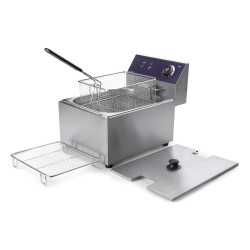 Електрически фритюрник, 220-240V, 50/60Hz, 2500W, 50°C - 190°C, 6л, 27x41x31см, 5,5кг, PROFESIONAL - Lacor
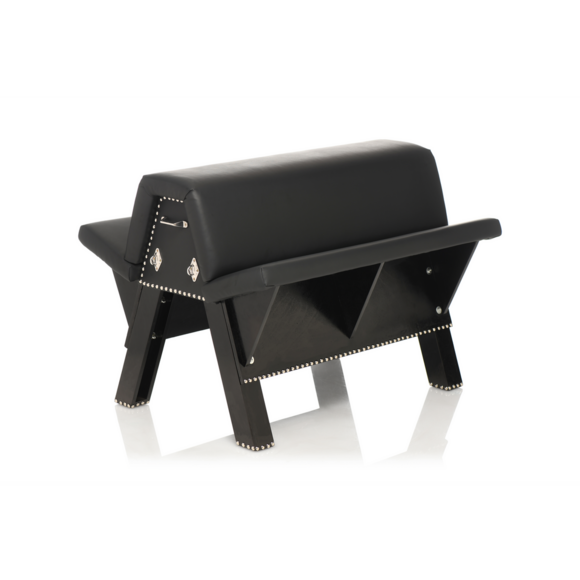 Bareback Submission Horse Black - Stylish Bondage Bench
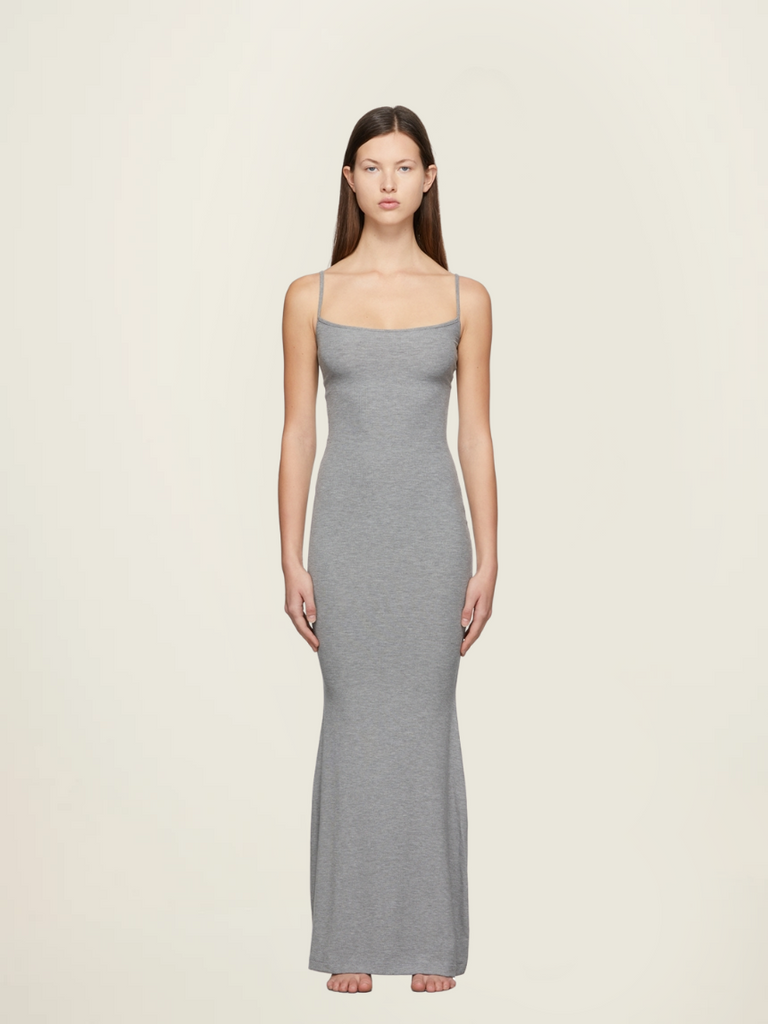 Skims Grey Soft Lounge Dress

==

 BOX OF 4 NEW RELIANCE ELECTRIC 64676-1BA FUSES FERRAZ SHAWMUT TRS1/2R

--

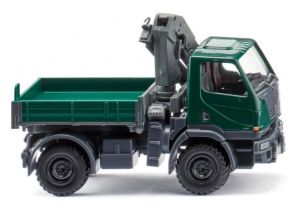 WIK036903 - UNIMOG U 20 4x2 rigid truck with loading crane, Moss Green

TASK BRIEF =>
What's needed is an exact copy of the records above from the line containing "Bareback Submission Horse" down to the line containing "Skims Grey Soft Lounge Dress", both included, without any pictures.

RESULT OF THIS TASK =>
 Bareback Submission Horse Black - Stylish Bondage Bench
 Skims Grey Soft Lounge Dress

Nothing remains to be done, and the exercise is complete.